Thursday, July 5, 2012

Selling Your firm - A Tool To cut Capital Gains Taxes

###Selling Your firm - A Tool To cut Capital Gains Taxes### Advertisements

"I would rather expire at my desk than to sell my enterprise and pay Uncle Sam one dime in taxes." How many owners that have paid their fair share of taxes for twenty years of construction their enterprise feel this way? The tax bite is the particular biggest factor in an owner's reluctance to sell his/her company.

2012 Tax Tables

I have previously written articles discussing assorted aspects of transaction structures to minimize taxes. As a result, I am often contacted by a panicked distributor that is a week from closing his enterprise sale as he looks in disbelief at his accountant's spreadsheet detailing the tax burden of his impending sale.

Recently, the distributor of a Sub chapter S Corporation with an million transaction value contacted me. The tax basis was below 0,000 and million of the transaction value was the assumption of debt. When the dust settled, he was finding at a capital gains tax liability of a improbable 5,000 while only receiving the remainder of proceeds after the assumption of debt. The assumption of debt is thought about as part of the capital gain for tax purposes.

The owner sent his accountant's spreadsheet to me and since I am not a tax accountant, I sent it to my tax wizard at Bdo Seidman. He found a few small tweaks, but said that there was not much that could be done from an accounting standpoint for this owner. When I reported this back to the distributor I could feel his frustration and frustration.

So I began my quest for a good solution. After some dozen phone calls to my professional network, I was directed to a microscopic known vehicle called a inexpressive Annuity Trust. This vehicle has passed the scrutiny of the Irs and the Tax Court. It is not a way to avoid the cost of taxes, rather a recipe of deferring them with vast economic benefit to the owner's beneficiaries.

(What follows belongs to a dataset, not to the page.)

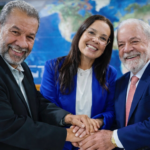 Lideranças políticas com mãos unidas em gesto de articulação, diante de mapa-múndi em ambiente institucional, simbolizando aliança estratégica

Below is a simplified description of the process. As the owner contemplates the sale of his enterprise (or any very appreciated asset for that matter) he "sells" it to a trust Prior to its greatest sale. This trust purchases the asset at Fmv and exchanges an annuity cost stream perfect with Irs life expectancy tables and interest rates. The trust then sells the enterprise to the buyer to fund the annuity.

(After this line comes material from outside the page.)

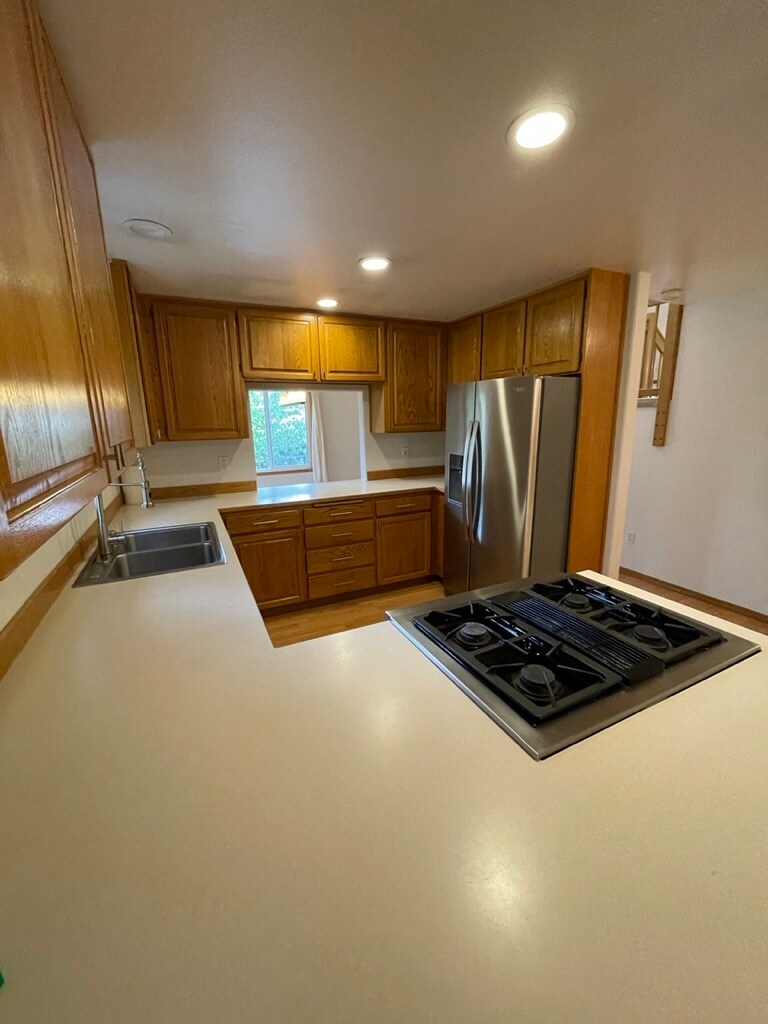 Kitchen - 3921 Magrath Rd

The transaction is accompanied by a gift to the trust in the amount of 7% of the face value of the annuity. This is so it qualifies as a trust by creating an entity with economic value. Remember, the inexpressive annuity is viewed as having zero economic value because the asset minus the obligation theoretically equals zero.

The trust is in the name of the owner's beneficiaries and all aspects of the trust are controlled by the trustees/beneficiaries and not by the owner. The trust for the benefit of the heirs owns the assets and owns the annuity cost obligation. The trust can be structured to defer the annuity payments for a period of time to coincide with the owner's need to receive these payments, lets say, for example, ten years while those ten years the trust's investments or a industrial annuity grow without incurring a tax bite for the enterprise sale.

When the annuity payments start, the owner is taxed at his then current tax rate for the measure of the annuity cost attributable to the capital gains, his basis (no tax), and depreciation recapture from the sale, and the revenue produced from the annuity. The annuity pays the owner and spouse this annuity cost until last to die or until the annuity investments run out. If the owner and spouse die, any remaining assets are transferred to the beneficiaries face of estate tax liability.

If your investments accomplish at the rate used in the annuity calculation and the last to die lives to their exact life expectancy, theoretically the trust value will be anyone the gift measure (7% of the selling price) has grown to. However, if the investments do very well and you outlive the life expectancy tables, you could receive payments well in excess of the former annuity face value. Those excess payments would be taxed at your then current revenue tax rate.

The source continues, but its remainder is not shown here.